The specific policies Gideon announced hardly conflate into a coherent and credible growth strategy:

·                    £350m worth of specific regulations will go – including the Equality Act’s costly dual discrimination rules;
·                    Lord Young’s recommendations on health and safety laws will be implemented in full;
·                    The no-win no-fee legal services that prey on employers will be restricted;
·                    existing regulation will be scrutinised by the public.

Is this it?! Is this a strategy for growth that will build a ‘more balanced economy by encouraging exports and investment’? Pitiful.

I’m going to leave an analysis of the various tax measures announced because 1) the TUC and Tax Research UK will do it better and 2) I want home for my tea. But it’s clear that plans are still being developed on the assumption that cuts in corporation tax will boost growth. Never a convincing strategy it’s become irredeemably tarnished by the Irish experience. Any benefits to low and medium paid workers through the cut in fuel duty and the increase in income tax personal allowances will be more than offset by other tax changes such as January’s VAT rise and the NI rise from next month.

The resources supposedly targeted at evasion and avoidance are wholly insufficient to deal with the scale of the challenge.  Despite the bullish rhetoric, current policy is actually handing firms more opportunities to avoid and evade; key examples being enterprise zones (will just shift existing activity – no mention of the ‘deadweight’ issues that are always raised with active labour market interventions) proposals on foreign owned companies.  

A couple of points on the green agenda.

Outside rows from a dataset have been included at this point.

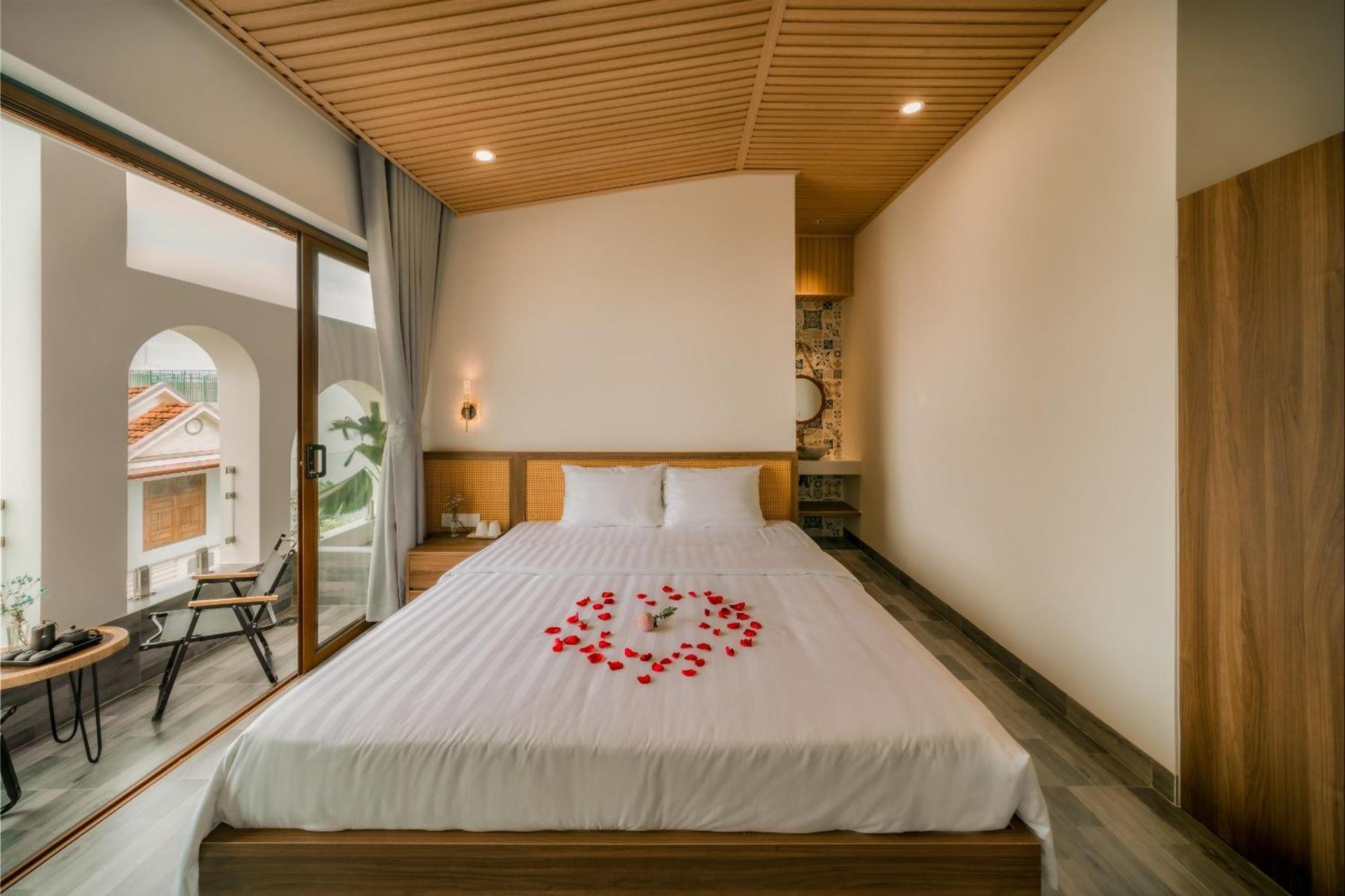 De V'Charm Hotel Dong Tac Екстериор снимка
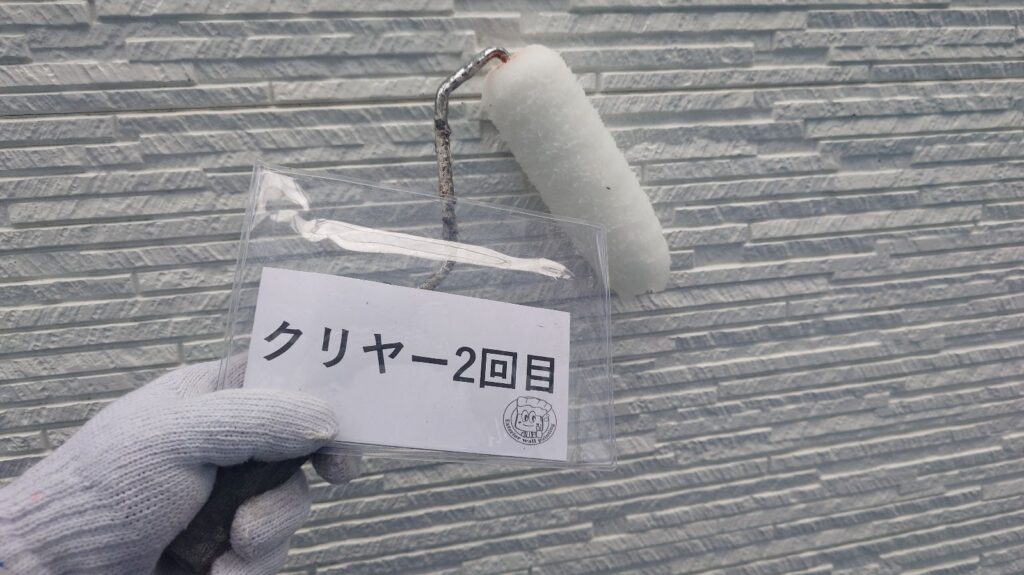 外壁クリヤー<br />
２回目塗装<br />
状況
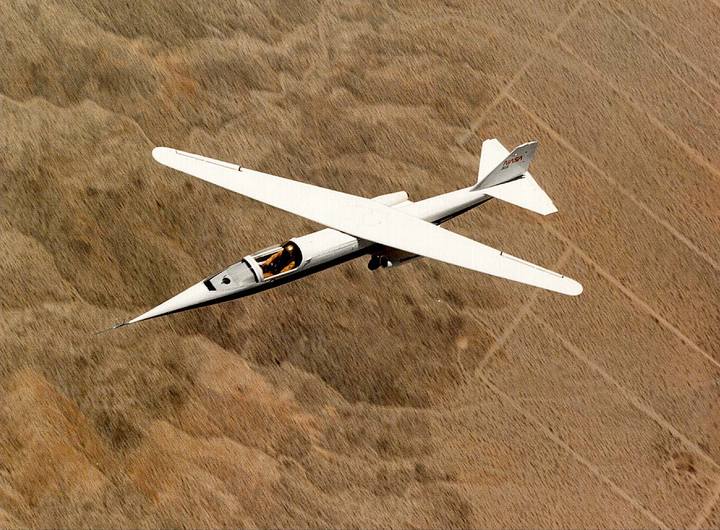 ����ǿ��֢�ķɻ�: NASA AD-1�ɻ�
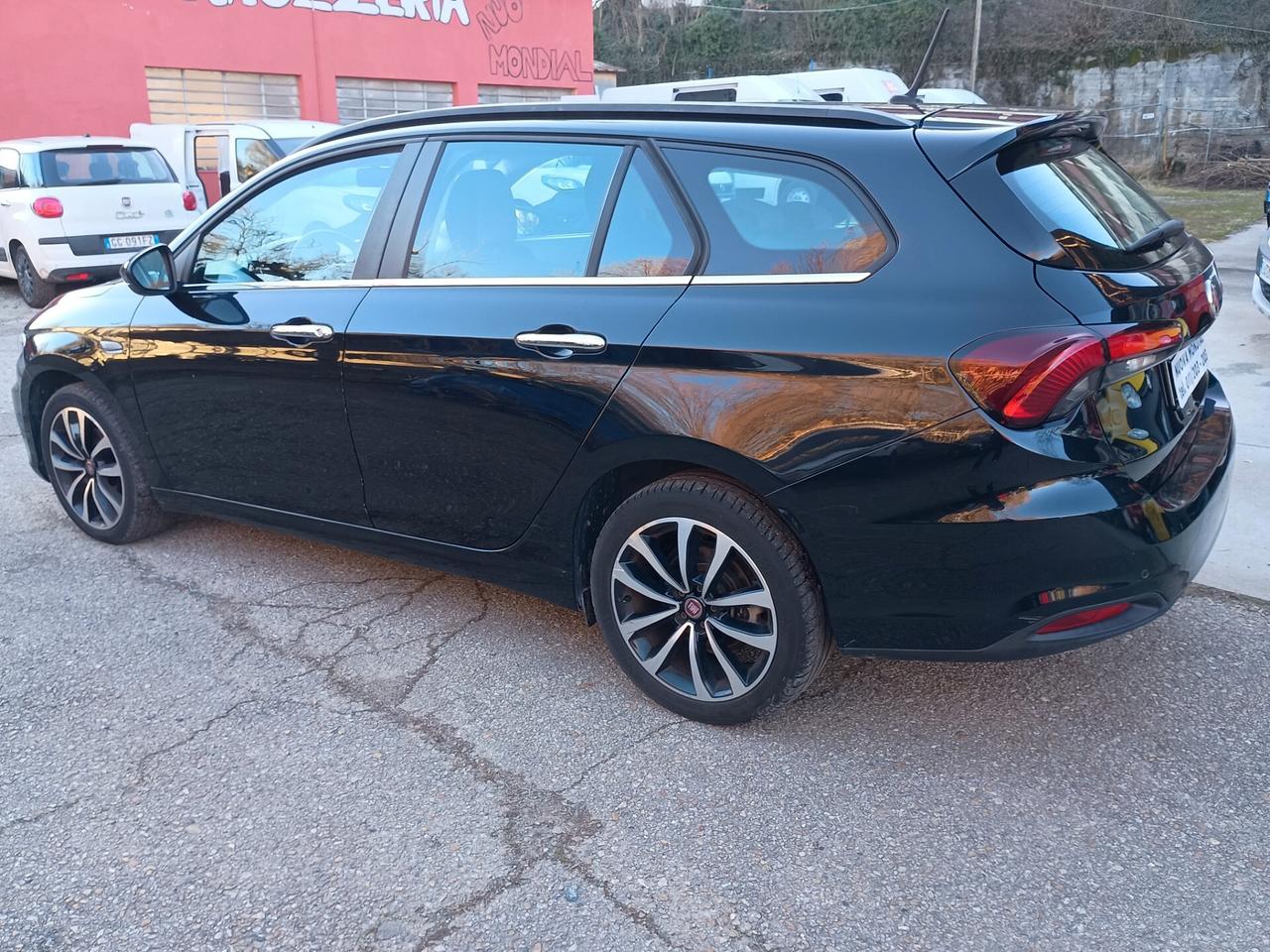 Fiat Tipo 1.6 Mjt S&S SW Lounge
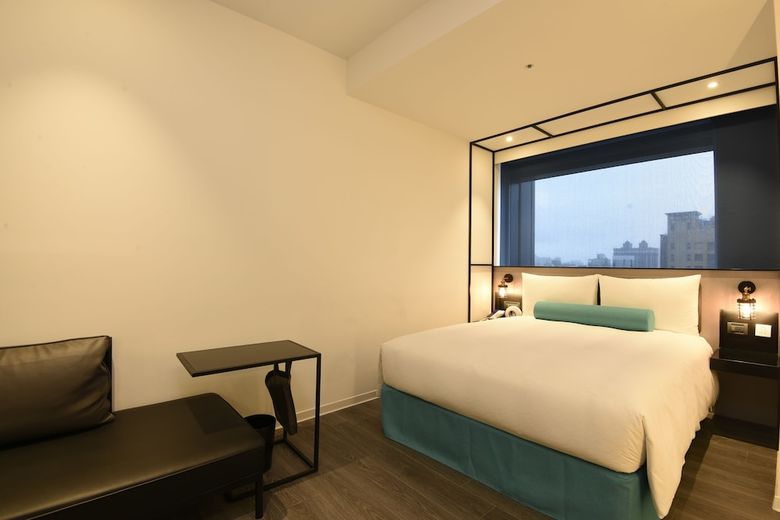 Hotel Caesar Metro Taipei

The full impact of the carbon floor price will only become apparent once the Government announces its intentions in other key areas of electricity market reform such as the Emissions Performance Standard, the replacement of the Renewables Obligation with Feed in Tarriffs (plus contracts for difference) and the Review of Ofgem’s role and remit. I can’t see how Gideon can conclude that this measure alone will ‘provide the incentive for billions of pounds of new investment in our energy infrastructure’.

The additional two billion pounds of funding for the Green Investment Bank is welcome but it is disappointing that it will be unable to borrow before 2015. The GIB’s resources are almost insignificant when set against the levels of investment required to achieve a genuinely low carbon economy. Even Gideon knows the market isn’t going to deliver on this one.

All in all, the Budget sidestepped the sustainable growth and jobs challenge. The FT’s influential Lex column has noted that, -

“While the political packaging makes sense, it points the arrow of causation the wrong way. Rather than a Budget for growth, it is a Budget that depends on growth…. If the expected growth does not arrive (as many economists currently fear), then lower tax receipts will limit the government’s ability to forment any fresh growth. What then can stimulate the economy?”

Gideon has no answers. My view is that he genuinely believes his scorched earth policy on regulation will produce the desired effect. The evidence suggests otherwise. Yes, there is a theoretical rationale for what he is attempting but most normal people thought the theory had died with the banking crisis. It is now abundantly clear that bad economic theory doesn’t die; indeed it seems that coalition policy is formulated only on the basis of zombie economics: deregulation, privatisation, trickle down and the Laffer Curve.

The UK Budget is very unlikely to grow more strongly as a result of this Budget. But we can be very confident that the UK workplace will become an ever more unwelcoming, even hostile, place to more and more workers. The economy will certainly become less fair and less equal. As a result it will become more unstable and more prone to systemic crisis. Now remind me again of what provoked our current economic difficulties?